Court finds that business owners' "custom" invitations and artwork are a form of protected speech

A calligrapher inking a design. – Photo: Zephyris, via Wikimedia.

The Arizona Supreme Court has effectively undermined the city of Phoenix’s nondiscrimination ordinance by ruling that the owners of a stationery and calligraphy business can refuse to create custom-made invitations for same-sex weddings.

In a 4-3 decision, the court decided that Joanna Duka and Breanna Koski, the owners of Brush & Nib Studio, have a First Amendment right to express their religious beliefs by refusing to make products for same-sex weddings.

Duka and Koski had preemptively sued the city of Phoenix, alleging that the ordinance’s protections based on sexual orientation and gender identity infringed on their rights by forcing them to make “custom” invitations or other products that celebrate or acknowledge same-sex relationships. 
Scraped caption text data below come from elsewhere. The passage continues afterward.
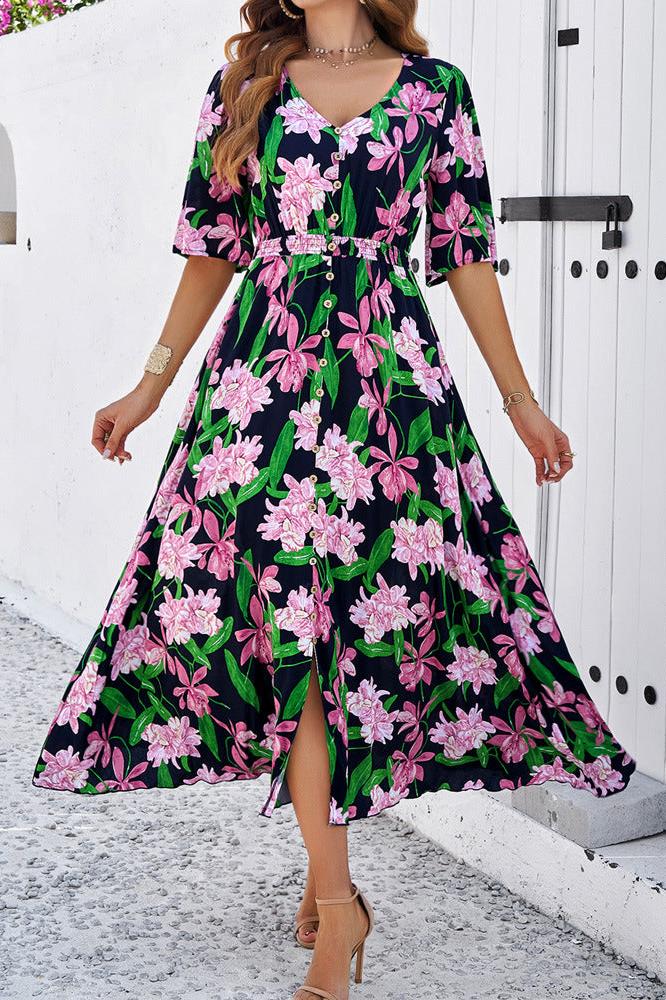 Robe mi-longue d'été chic à fleurs bleu foncé avec col en V et fente latérale 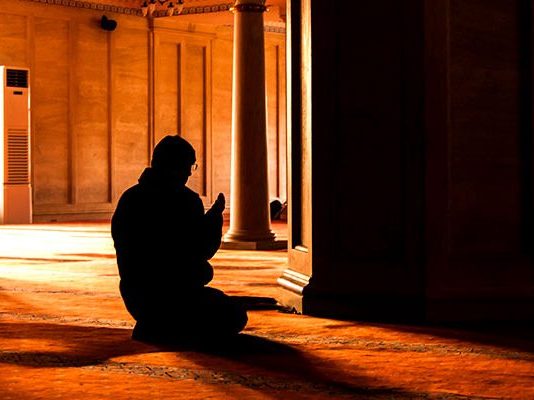 Ku dhe si vendosen duart në namaz dhe kur bëhet dhikri?
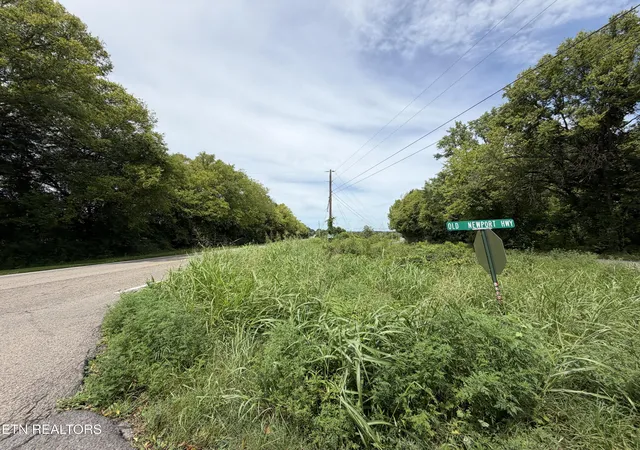 Photo 2 of Land for sale at 0 E Hwy2570, Dandridge, TN 37725 | MLS# 1354298 | Listing updated on 2026-09-14
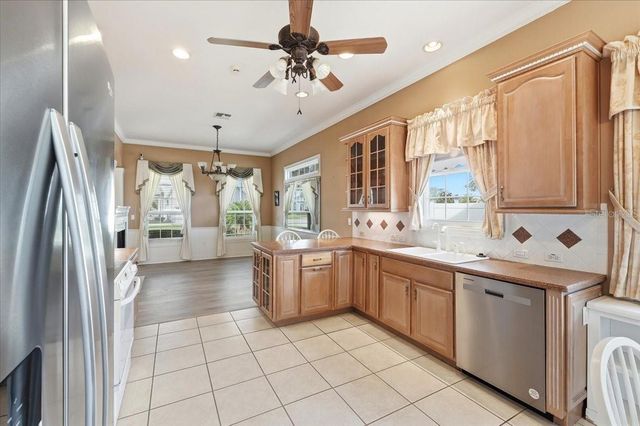 305 MOTORCOACH DRIVE S, Polk City, FL 33868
“The enduring strength of the First Amendment is that it allows people to speak their minds and express their beliefs without government interference. But here, the City effectively cuts off Plaintiffs’ right to express their beliefs about same-sex marriage by telling them what they can and cannot say,” Justice Andrew Gould wrote for the majority.

But the court also declined to issue a sweeping exemption for all businesses — including Brush & Nib — that would have allowed them to turn away customers simply based on their sexual orientation.
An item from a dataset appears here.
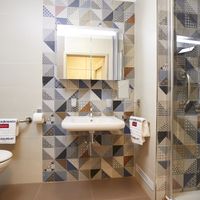 Koupelna s dlaždicemi DECO a TREND pro Janu a její dcery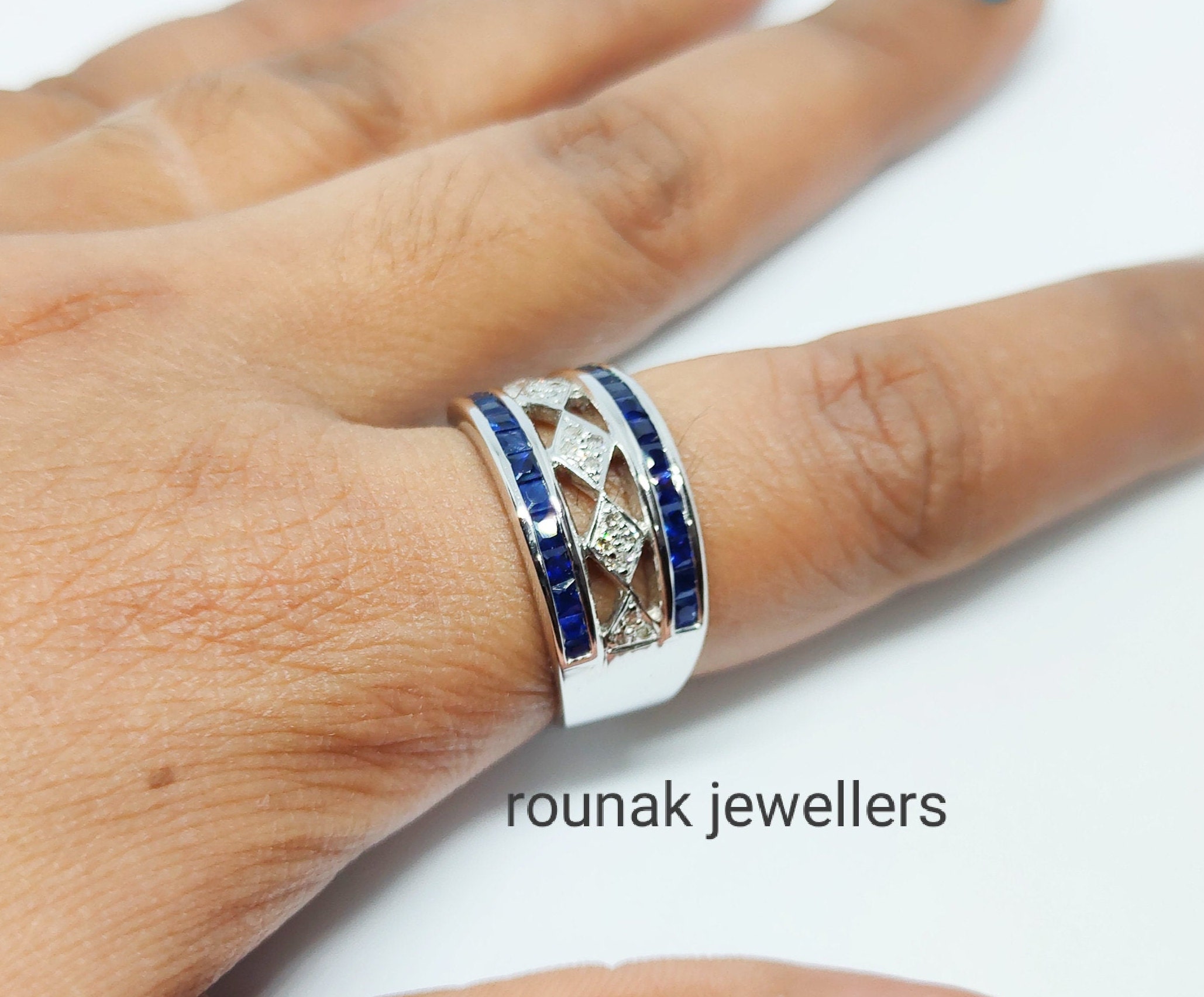 Cambia De Color Anillo De Compromiso En Plata Con Alejandrita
“Although this case is about freedom of speech and religion, it suits the preferred analysis of our dissenting colleagues to reframe it as one involving discriminatory conduct based on a customer’s sexual orientation. This mischaracterization reflects neither Plaintiffs’ position nor our holding,” Gould wrote. “Literally none of the examples of invidious, status-based discrimination the dissent invokes…would even be remotely permitted under our holding today. Plaintiffs must, and they do, serve all customers regardless of their sexual orientation. However, by focusing solely on the anti-discrimination purpose of the Ordinance, the dissent engages in a one-sided analysis that effectively deprives Plaintiffs of their fundamental right to express their beliefs.

“The City also argues that because Plaintiffs’ refusal affects only same-sex couples, their refusal is essentially a proxy for discrimination based on sexual orientation. We disagree,” Gould continued. “The fact that Plaintiffs’ message based refusal primarily impacts customers with certain sexual orientations does not deprive Plaintiffs of First Amendment protection.”

The ruling leaves Phoenix’s nondiscrimination ordinance — and many others across the country — in limbo, at least with respect to whether such laws can be enforced.

Under a strict reading of the court’s decision, it would appear that any business owner who expresses religious objections to same-sex marriage may refuse to provide “custom” goods or services to same-sex couples on the basis that their artwork or craftsmanship constitutes a form of speech implicitly endorsing the celebration in question.

However, that same business could seemingly not claim that same exemption in justifying a refusal to provide or sell generic or mass-produced goods or services to an LGBTQ-identifying individual, or for a non-marriage-related event, at least according to the logic used by the majority in reaching its decision.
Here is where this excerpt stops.